Khan Sen Sok was established in 2008–2009 by taking three Sangkats—Khmuonh, Phnom Penh Thmei and Tuek Thla—from Khan Russey Keo. The population recorded in the resulting area by the 2008 census was 120,579.

In 2010 Ponhea Pon, Prek Pnov and Samraong communes were added to the Khan from Ponhea Lueu District, Kandal Province. In 2013, the latter three Sangkats formed a part of a new entity, Khan Prek Pnov, while Sangkat Krang Thnong, previously belonging to Khan Pou Senchey, was added to Sen Sok. In 2016, two new Sangkats were established by separating areas from existing subdivisions—Ou Baek K'am from Tuek Thla and Kouk Khleang from Phnom Penh Thmei.

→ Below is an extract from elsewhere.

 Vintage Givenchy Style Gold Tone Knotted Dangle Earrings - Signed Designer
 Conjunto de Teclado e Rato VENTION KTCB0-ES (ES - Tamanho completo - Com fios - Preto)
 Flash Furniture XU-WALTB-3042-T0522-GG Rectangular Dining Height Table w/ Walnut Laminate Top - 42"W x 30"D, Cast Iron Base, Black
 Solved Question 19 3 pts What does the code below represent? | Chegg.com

As of 2020, Sen Sok is subdivided into six Sangkats (communes) and 47 Phums (villages).

Buddhist temples
List of pagodas/wats/buddist template in Khan Sen Sok
 Wat Sovann Mony Sakor (Wat Samrong Andeth)
 Wat Botum Veary (Wat Khmuonh)
 Wat Tuek Thla
 Wat Kraing Thnong
 Wat Sovann Monyvong (Wat Anlong Kngan)
 Wat Sen Sok
 Wat Preah Barmey VongKut Borey

Education

Northbridge International School Cambodia is in Teuk Thlar Commune, Sen Sok Section.

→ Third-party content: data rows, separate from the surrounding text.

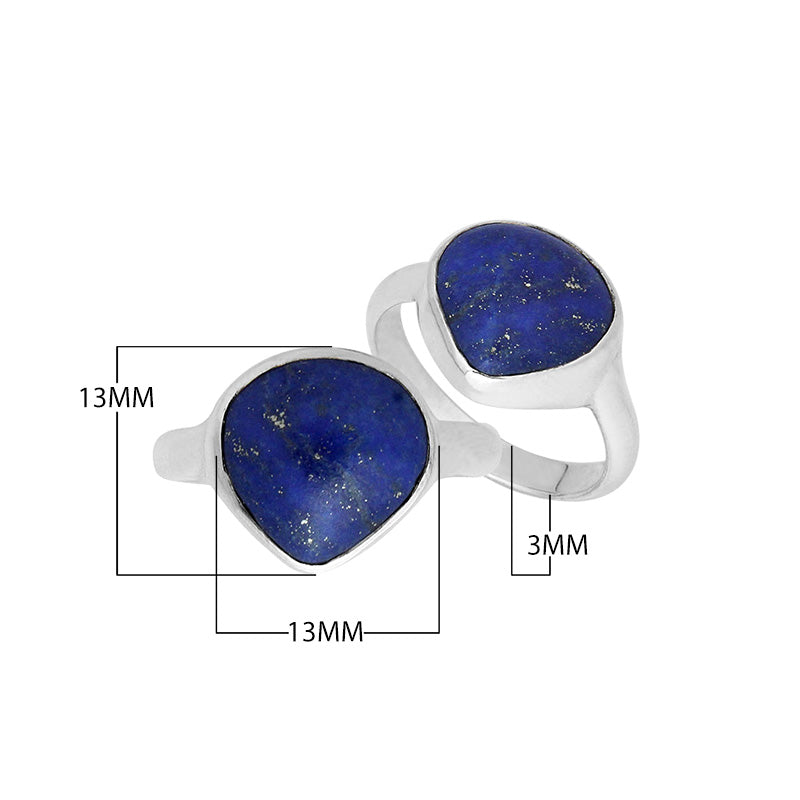 Wholesale sterling silver pear bezel Single stone ring with Lapis Lazuli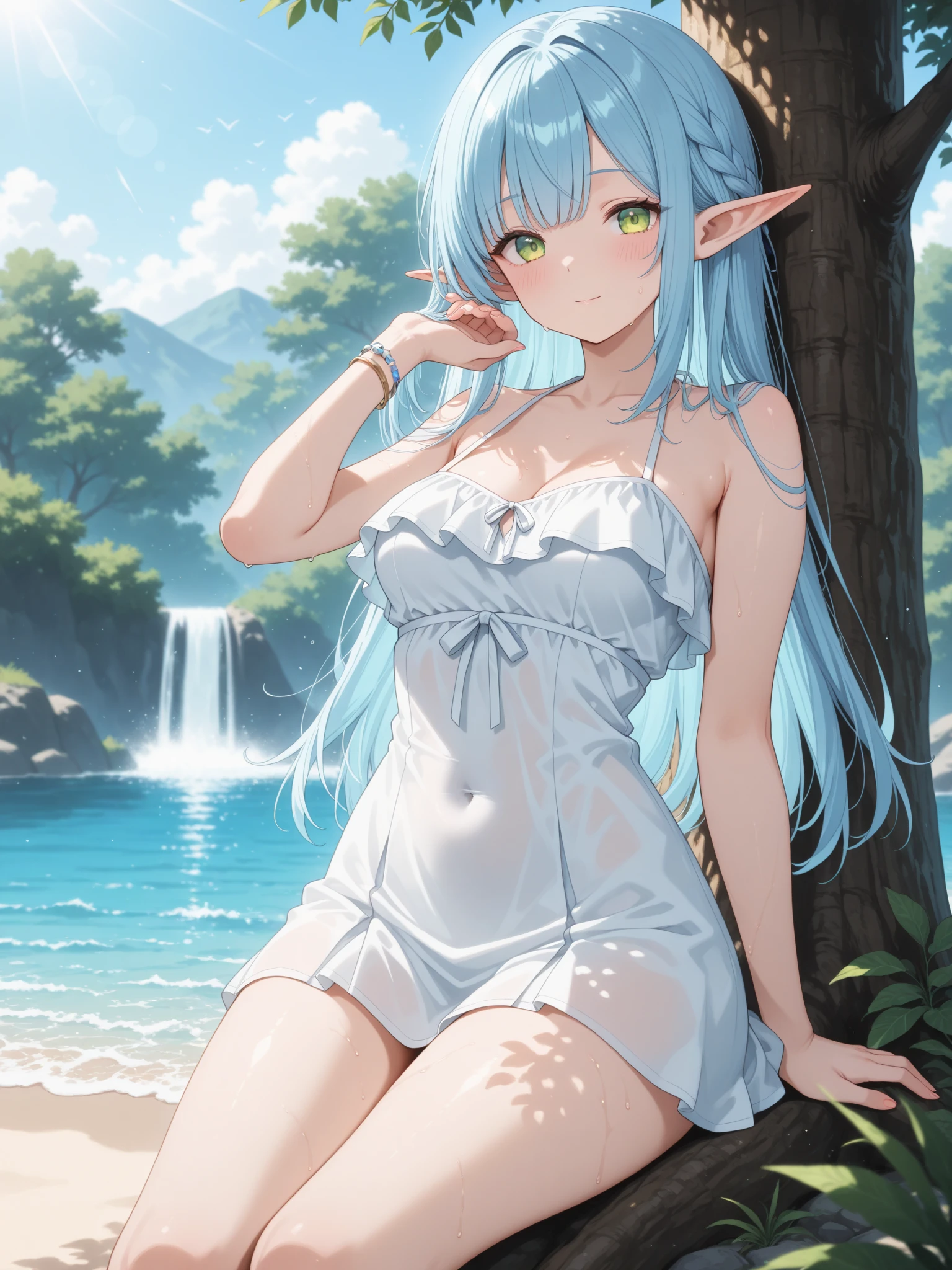White haired elf with blue eyes in a blue bikini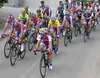 Peloton at mountain finish (category III) at Trebelno during the fourth stage of Tour de Slovenie 2013. The fourth stage from Brezice to Novo mesto was 155,8 km long and it was held on Sunday, 16th of June, 2013 in Slovenia.
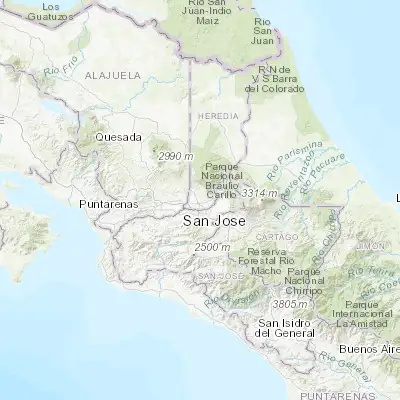Map showing location of San Josecito (10.012650, -84.107500)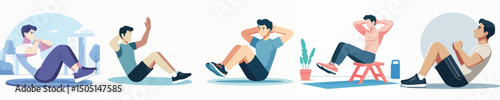 vector of a young man doing sit up exercises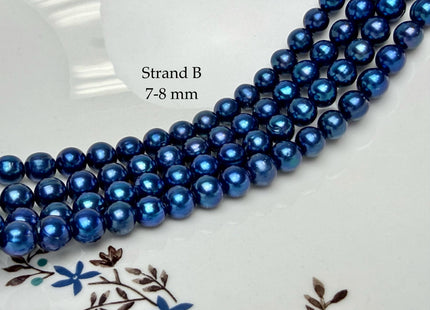 6-8 mm AA Rare Blue Peacock Off Round Freshwater Pearl Beads #P3352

Home of English International School has a Toul Kork Branch in Sen Sok Section.

The Japanese School of Phnom Penh, a full-time Japanese school, is in Sangkat Toek Thla in Sen Sok. It was established in 2015.

The Japanese Supplementary School of Phnom Penh (プノンペン補習授業校 Punonpen Hoshū Jugyō Kō), formerly known in English as the Phnom Penh Japanese School, is a part-time Japanese school, in Sangkat Toek Thla in Sen Sok. It is operated by the Japanese Association of Cambodia (JACAM;カンボジア日本人会 Kambojia Nihonjin-kai), and was established in 2002. It had 60 students in June 2011.